— YOUR GOAL —
Transcribe all the lines below exactly. Omit the pictures.

** DATASET EXTRACT follows **

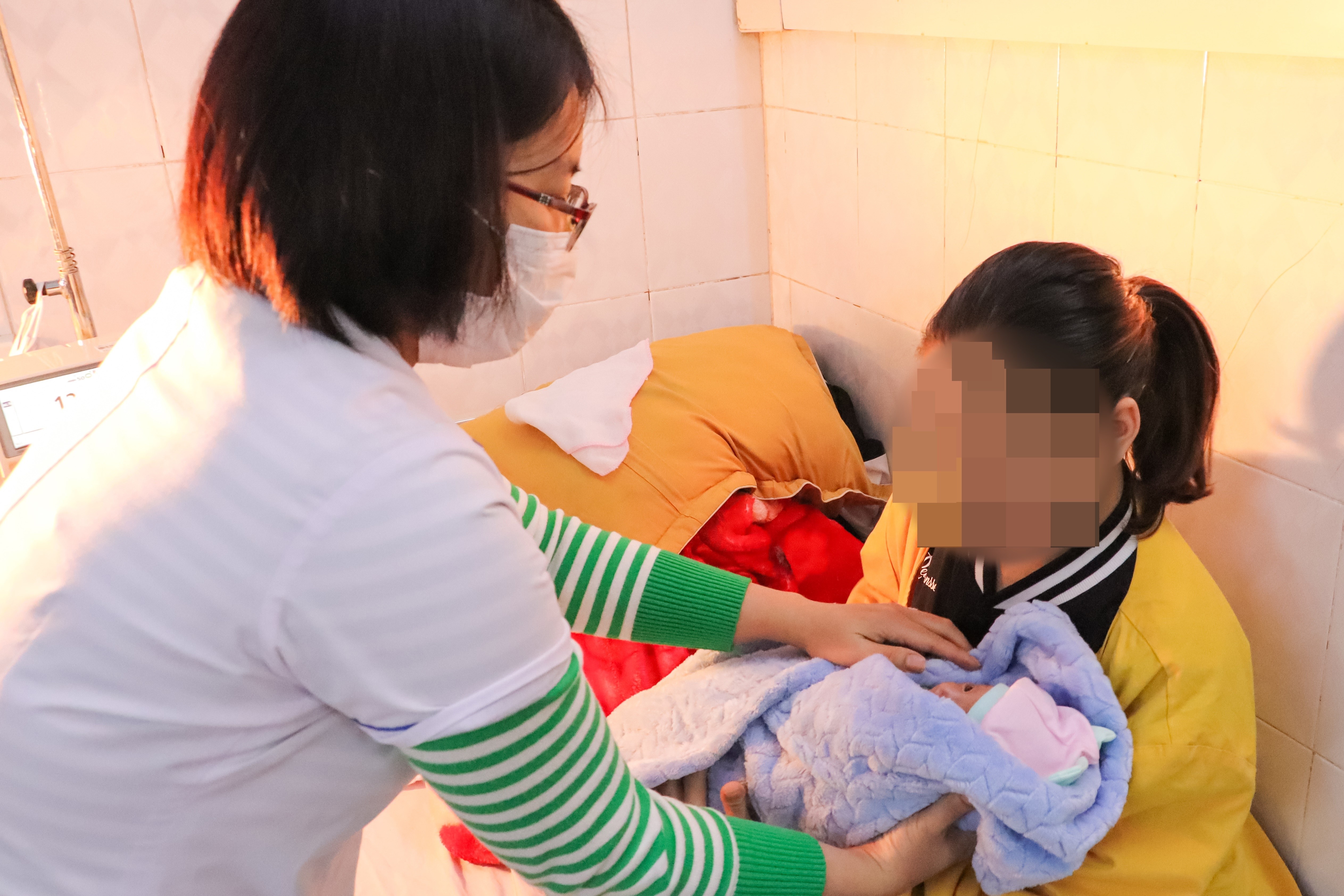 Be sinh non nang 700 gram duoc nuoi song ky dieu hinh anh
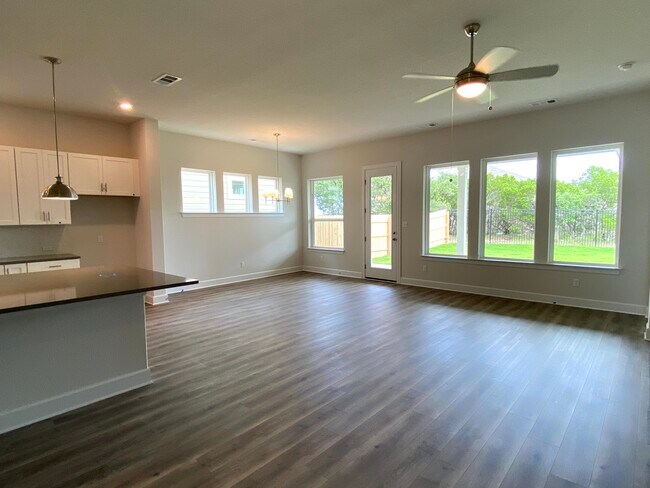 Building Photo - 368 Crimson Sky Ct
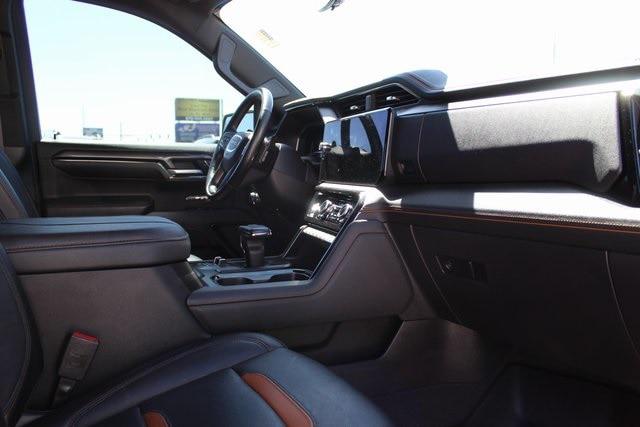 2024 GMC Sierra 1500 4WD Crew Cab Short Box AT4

** End of DATASET EXTRACT **

— ANSWER TO THE EXERCISE —
 Be sinh non nang 700 gram duoc nuoi song ky dieu hinh anh
 Building Photo - 368 Crimson Sky Ct
 2024 GMC Sierra 1500 4WD Crew Cab Short Box AT4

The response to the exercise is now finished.